I know that there is a movie where a British military officer had a dog (who played a key role) named "N*****, because the dog was black, and it wasn’t considered offensive in that time and place, and I personally think the name of the dog shouldn’t be changed for the movie, but I do understand that some African Americans might find it so distracting, that a director might choose to change the name for the movie. Things like that do happen in movies.
I also understand that for realism, sometimes the word gets used in movies where either socially or historically, no other word will do. That is not really a conversation, but it might mean that it is later necessary for a reviewer to use the word (saying “the n-word” might not be clear), and that I would not argue with either.

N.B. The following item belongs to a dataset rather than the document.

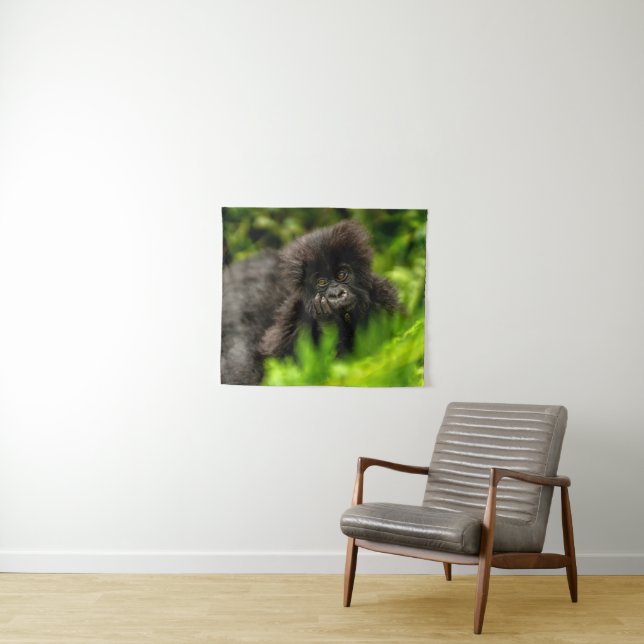 Tapiz Animales de bebé más afectados | Gorila de montaña (In situ (horizontal))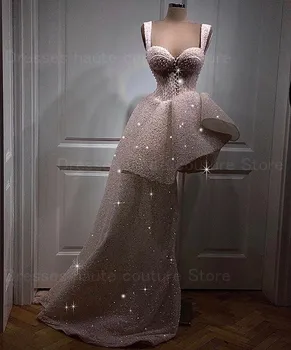 Blingbling Party Šaty Nabíranou Módní Záhybů Popruhy Dubaj Arabské Bílé Formální Šaty Perly Sexy Přední Korzet Ples Šaty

See, I could come up with special examples all day. But in ordinary, non-special examples, I don’t think there is ever any reason to use the word. The only reason anyone would use it is to offend. We are beyond the time, I think, when there are people left who grew up when it was the generally accepted word. There might be elderly people in whose youth “colored people” was normal, and they may still use that on occasion, but I think the n-word has been offensive for so long, everywhere in the US, and other words have been available, that no one can use the excuse “It was acceptable when I grew up.” I heard and believed that excuse back in the 1980s when I was in high school, but that was 35 years ago. I think that time is done.
So I picked “Other.” I am Jewish, and my family came to this country after a very long time in Europe, so anyone looking at me would call me white (except for a few neo-Nazis, perhaps); the word always offends me in normal conversation.